*INSTRUCTIONS FOR THE TASK*
The result should be an exact copy of only the lines from the one holding "سگ خانگی فروشی" through the last line of the data below, please, without pictures.

*ENTRIES SUPPLIED*
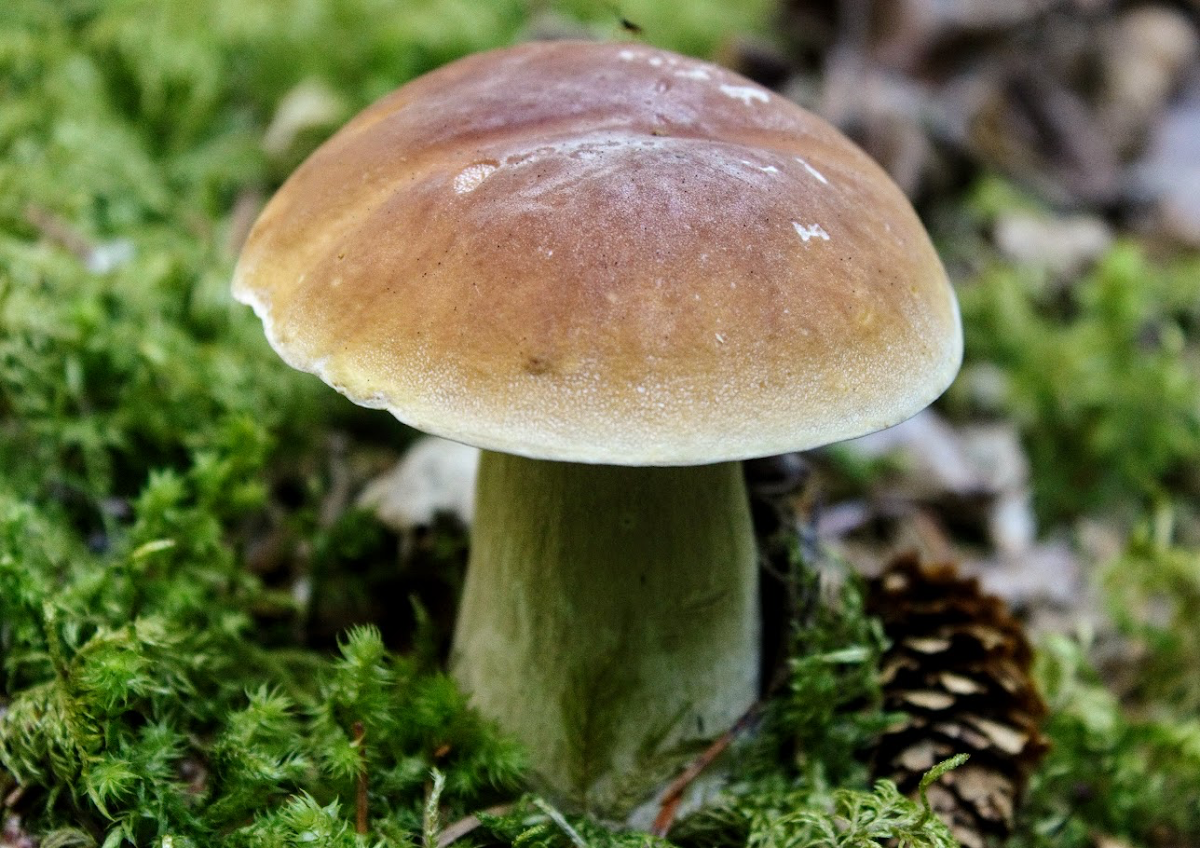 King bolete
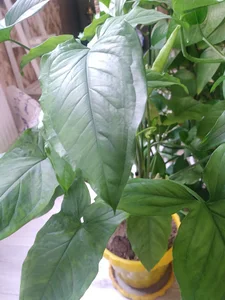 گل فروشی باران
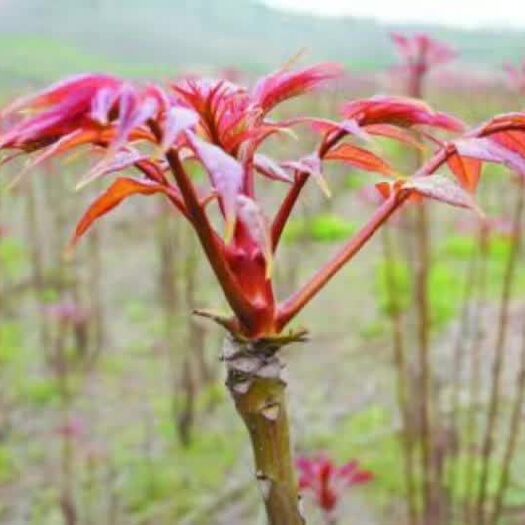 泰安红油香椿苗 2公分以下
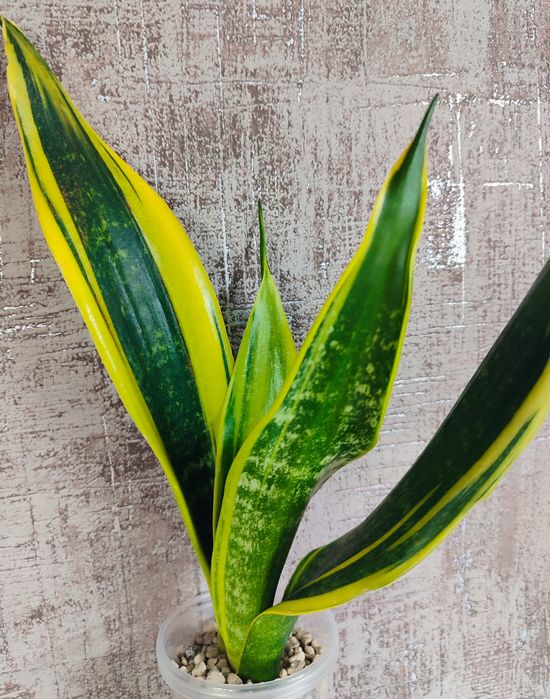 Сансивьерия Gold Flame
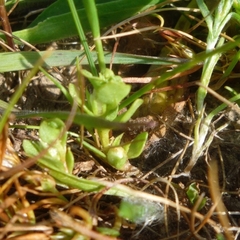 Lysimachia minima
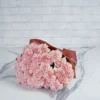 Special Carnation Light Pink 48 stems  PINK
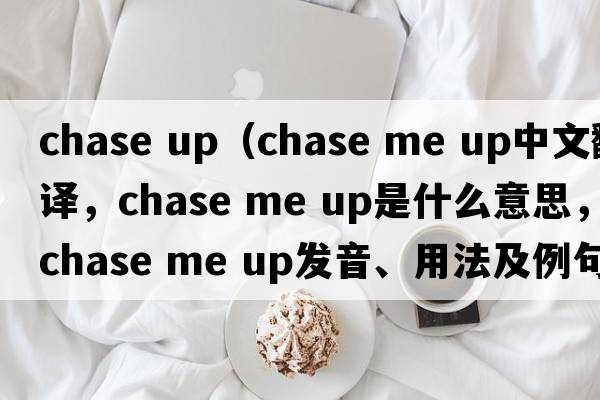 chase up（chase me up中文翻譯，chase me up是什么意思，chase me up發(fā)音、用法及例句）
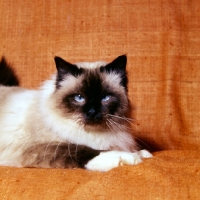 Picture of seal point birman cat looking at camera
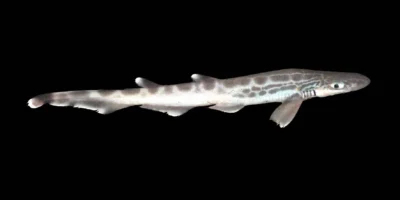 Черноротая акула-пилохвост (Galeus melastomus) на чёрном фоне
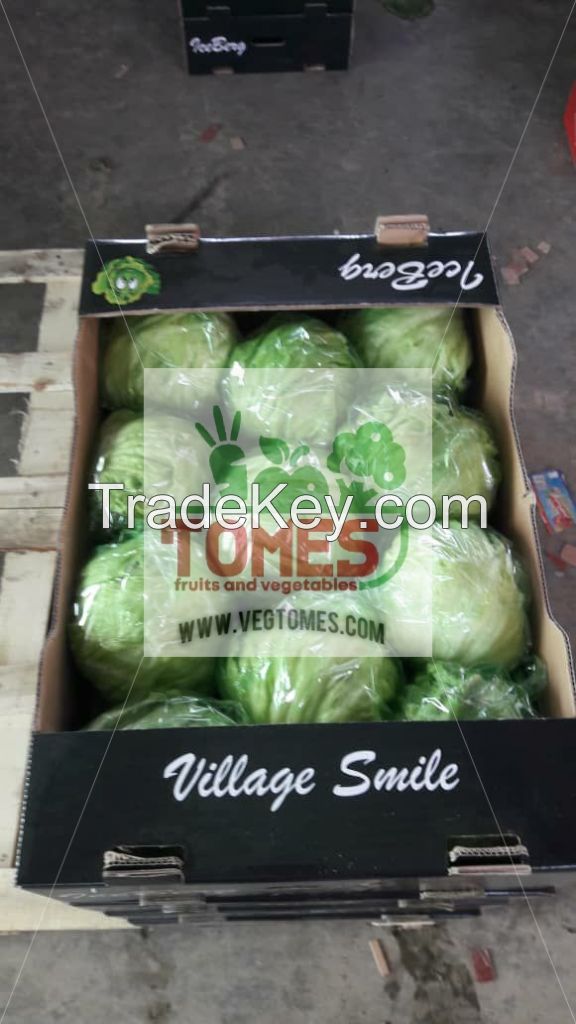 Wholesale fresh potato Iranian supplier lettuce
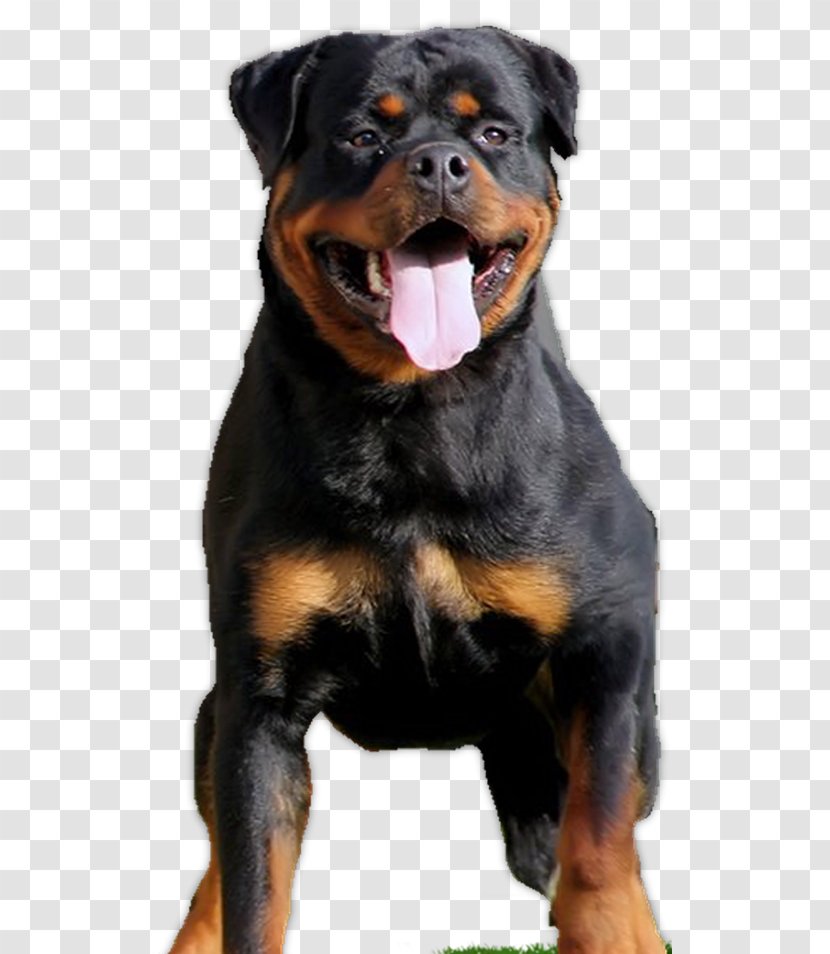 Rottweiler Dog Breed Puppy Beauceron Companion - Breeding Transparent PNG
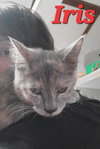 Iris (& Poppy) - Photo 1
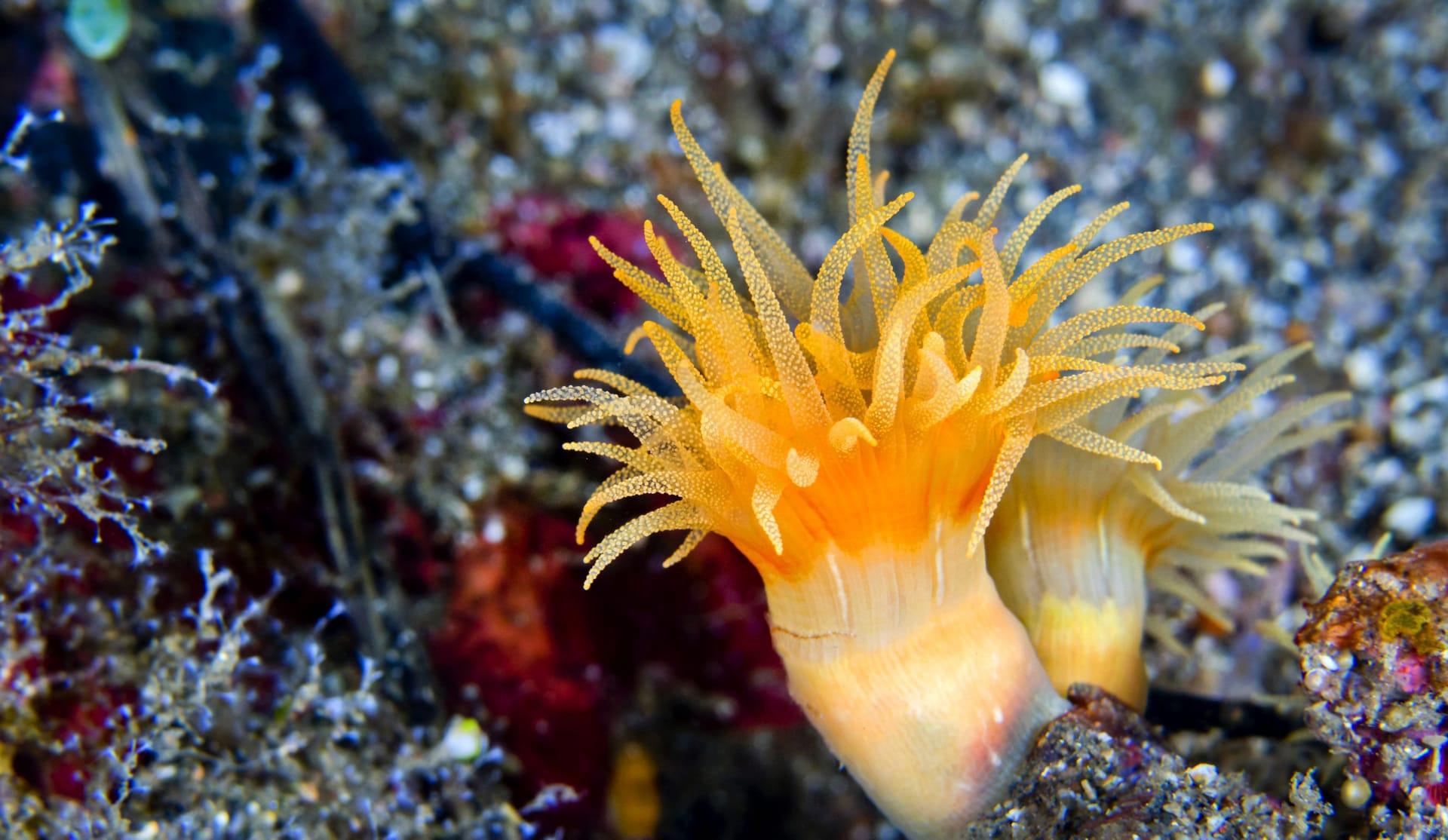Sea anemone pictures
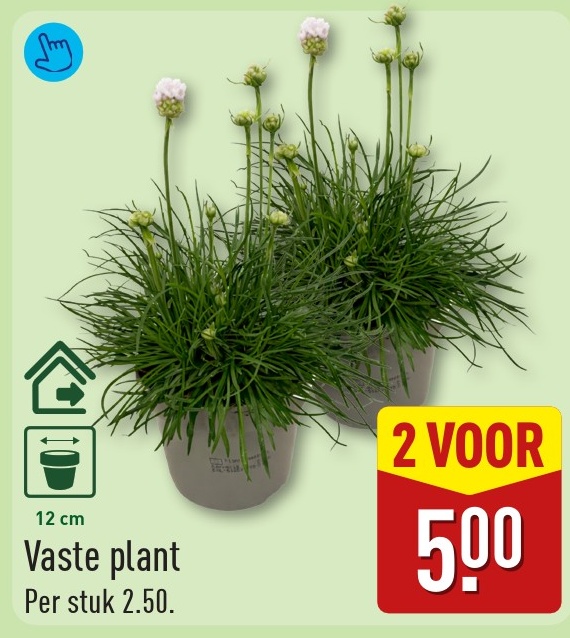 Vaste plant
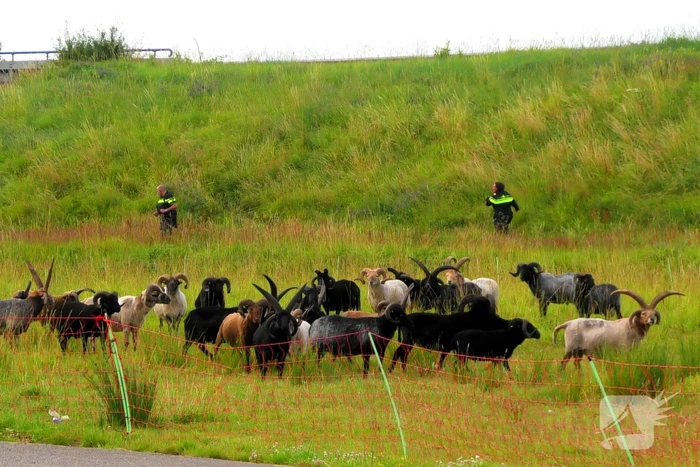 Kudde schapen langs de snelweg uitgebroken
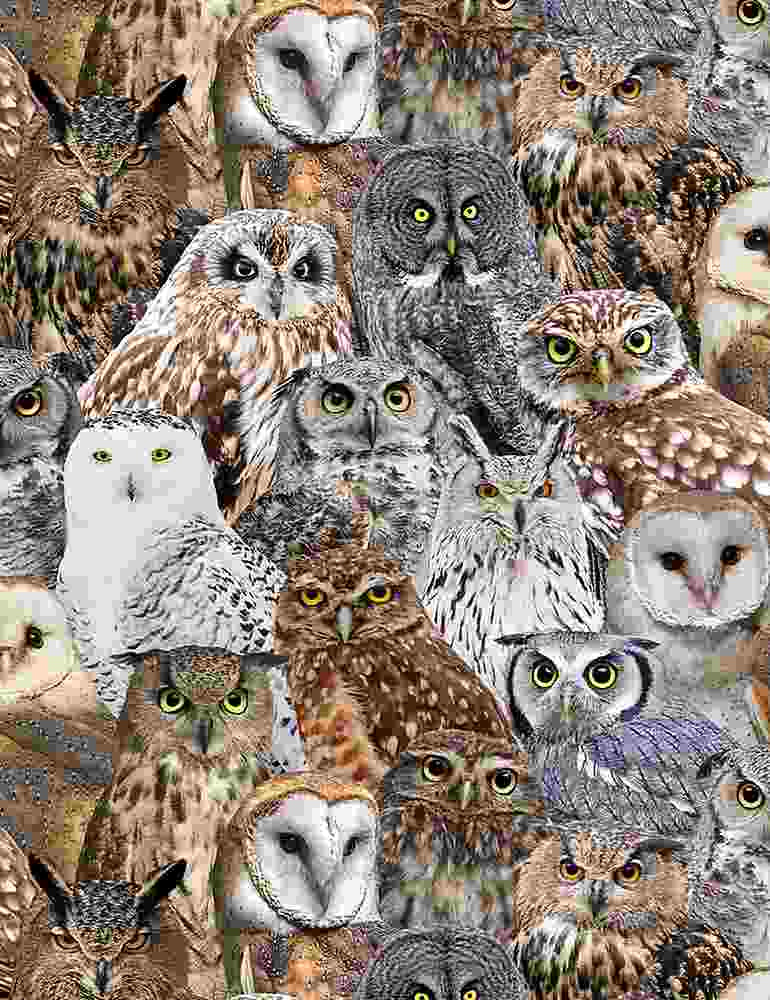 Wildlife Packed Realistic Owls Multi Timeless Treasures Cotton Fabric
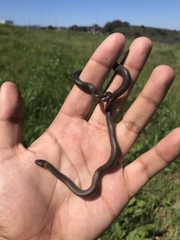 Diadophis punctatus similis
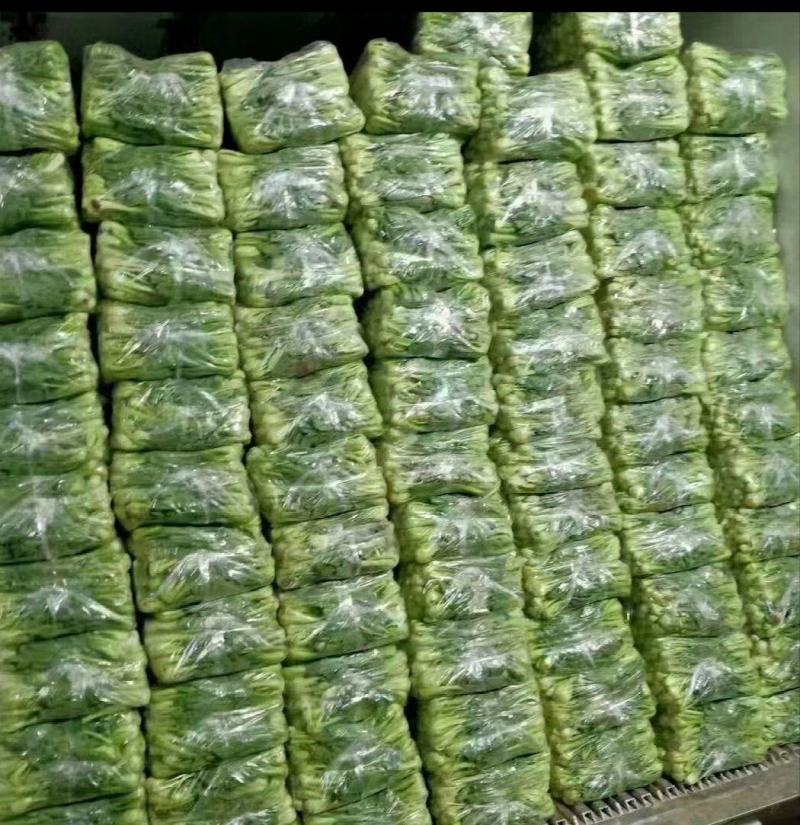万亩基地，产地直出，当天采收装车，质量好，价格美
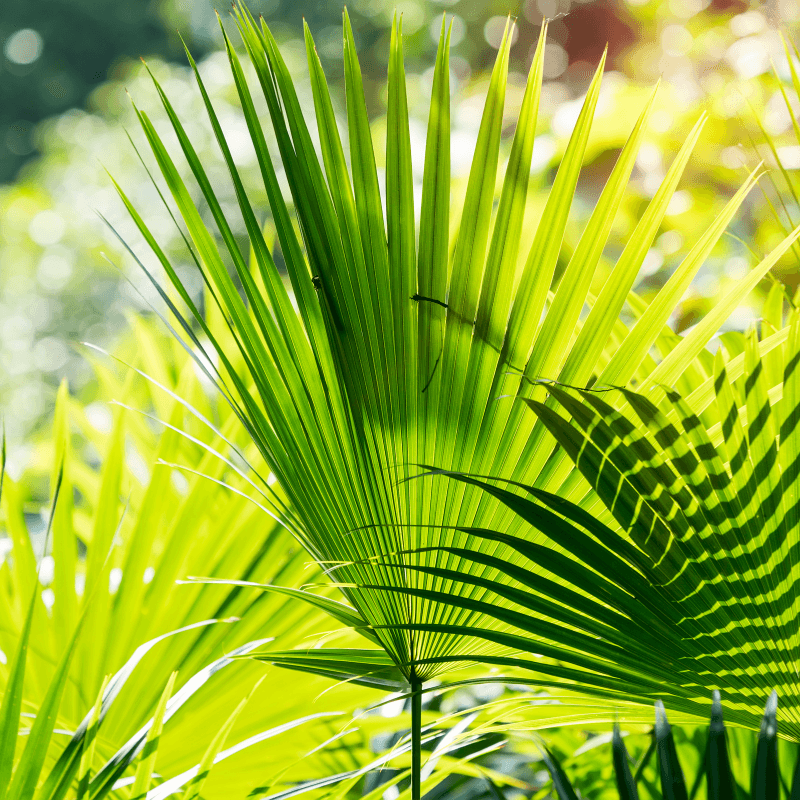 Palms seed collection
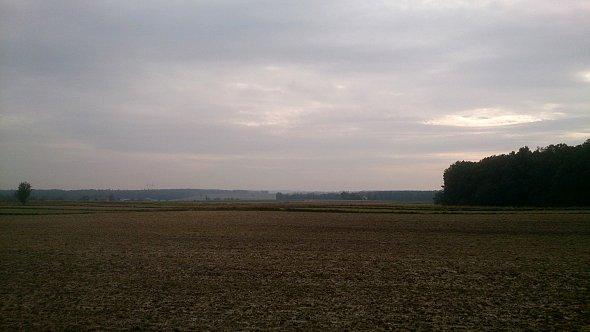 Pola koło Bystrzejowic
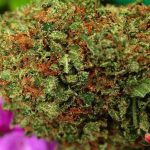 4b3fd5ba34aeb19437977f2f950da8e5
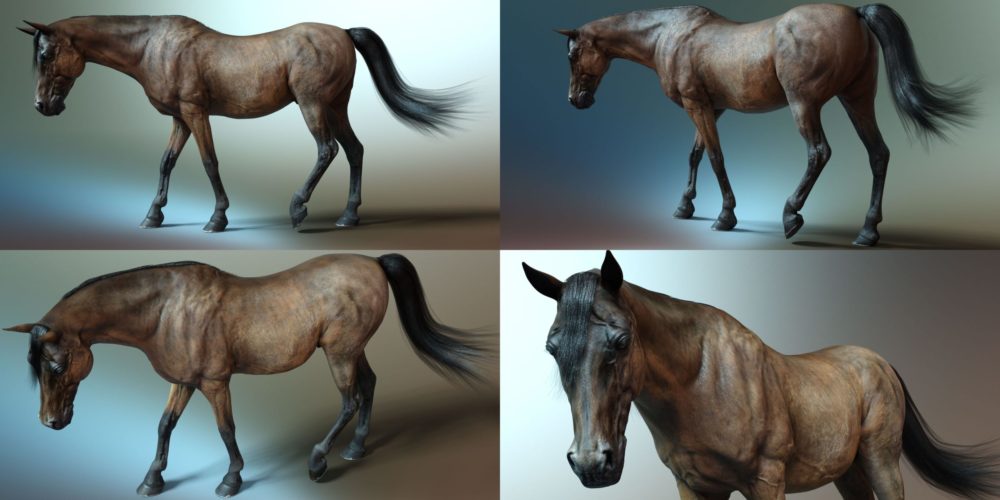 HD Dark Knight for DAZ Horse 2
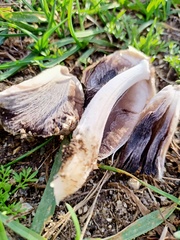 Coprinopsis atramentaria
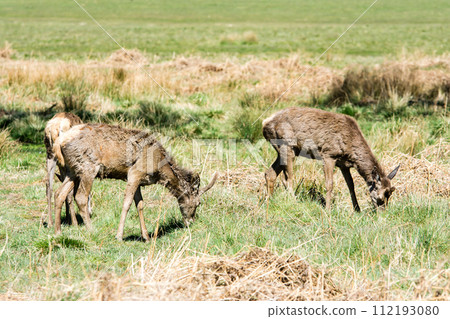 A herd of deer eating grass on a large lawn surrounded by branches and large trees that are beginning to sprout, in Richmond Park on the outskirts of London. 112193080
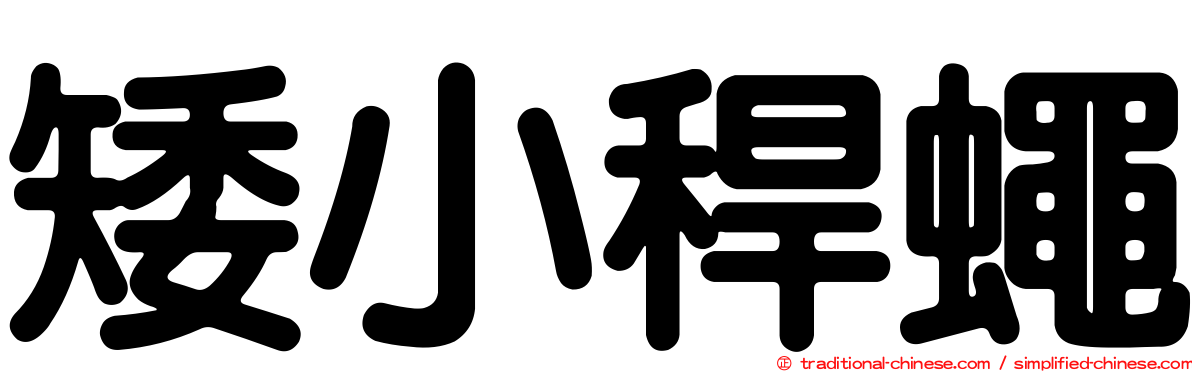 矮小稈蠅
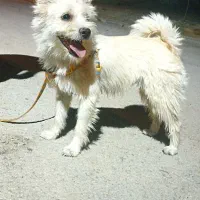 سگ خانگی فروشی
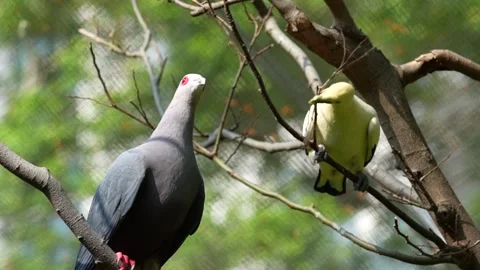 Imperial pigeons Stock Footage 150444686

*EXERCISE OUTPUT*
 سگ خانگی فروشی
 Imperial pigeons Stock Footage 150444686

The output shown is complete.